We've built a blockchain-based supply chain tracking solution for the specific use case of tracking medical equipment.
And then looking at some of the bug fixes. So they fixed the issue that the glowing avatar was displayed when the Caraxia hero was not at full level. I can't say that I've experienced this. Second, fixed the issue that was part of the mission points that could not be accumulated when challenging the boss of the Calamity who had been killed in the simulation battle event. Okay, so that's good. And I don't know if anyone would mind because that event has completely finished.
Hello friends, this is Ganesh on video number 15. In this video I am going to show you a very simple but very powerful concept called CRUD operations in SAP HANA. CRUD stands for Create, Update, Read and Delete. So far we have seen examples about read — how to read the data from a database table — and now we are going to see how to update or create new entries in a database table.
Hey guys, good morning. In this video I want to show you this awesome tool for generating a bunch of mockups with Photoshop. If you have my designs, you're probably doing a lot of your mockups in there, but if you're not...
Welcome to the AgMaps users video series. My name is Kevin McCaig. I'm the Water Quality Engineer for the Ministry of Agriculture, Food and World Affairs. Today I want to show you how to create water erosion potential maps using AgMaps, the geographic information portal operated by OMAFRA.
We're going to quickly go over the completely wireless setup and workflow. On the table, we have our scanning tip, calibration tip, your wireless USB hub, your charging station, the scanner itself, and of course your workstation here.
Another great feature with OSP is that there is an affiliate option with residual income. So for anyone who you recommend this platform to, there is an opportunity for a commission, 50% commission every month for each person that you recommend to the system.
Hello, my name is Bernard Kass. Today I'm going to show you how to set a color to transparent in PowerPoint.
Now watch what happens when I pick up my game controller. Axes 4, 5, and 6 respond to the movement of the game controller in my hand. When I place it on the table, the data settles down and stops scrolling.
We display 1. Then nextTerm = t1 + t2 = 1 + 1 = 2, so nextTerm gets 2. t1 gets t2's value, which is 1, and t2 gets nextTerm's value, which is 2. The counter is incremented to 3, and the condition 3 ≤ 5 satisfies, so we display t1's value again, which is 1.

::::

• **Problem to solve**
All records are to be retyped exactly. None may be omitted.

• **Answer section**
We've built a blockchain-based supply chain tracking solution for the specific use case of tracking medical equipment.
And then looking at some of the bug fixes. So they fixed the issue that the glowing avatar was displayed when the Caraxia hero was not at full level. I can't say that I've experienced this. Second, fixed the issue that was part of the mission points that could not be accumulated when challenging the boss of the Calamity who had been killed in the simulation battle event. Okay, so that's good. And I don't know if anyone would mind because that event has completely finished.
Hello friends, this is Ganesh on video number 15. In this video I am going to show you a very simple but very powerful concept called CRUD operations in SAP HANA. CRUD stands for Create, Update, Read and Delete. So far we have seen examples about read — how to read the data from a database table — and now we are going to see how to update or create new entries in a database table.
Hey guys, good morning. In this video I want to show you this awesome tool for generating a bunch of mockups with Photoshop. If you have my designs, you're probably doing a lot of your mockups in there, but if you're not...
Welcome to the AgMaps users video series. My name is Kevin McCaig. I'm the Water Quality Engineer for the Ministry of Agriculture, Food and World Affairs. Today I want to show you how to create water erosion potential maps using AgMaps, the geographic information portal operated by OMAFRA.
We're going to quickly go over the completely wireless setup and workflow. On the table, we have our scanning tip, calibration tip, your wireless USB hub, your charging station, the scanner itself, and of course your workstation here.
Another great feature with OSP is that there is an affiliate option with residual income. So for anyone who you recommend this platform to, there is an opportunity for a commission, 50% commission every month for each person that you recommend to the system.
Hello, my name is Bernard Kass. Today I'm going to show you how to set a color to transparent in PowerPoint.
Now watch what happens when I pick up my game controller. Axes 4, 5, and 6 respond to the movement of the game controller in my hand. When I place it on the table, the data settles down and stops scrolling.
We display 1. Then nextTerm = t1 + t2 = 1 + 1 = 2, so nextTerm gets 2. t1 gets t2's value, which is 1, and t2 gets nextTerm's value, which is 2. The counter is incremented to 3, and the condition 3 ≤ 5 satisfies, so we display t1's value again, which is 1.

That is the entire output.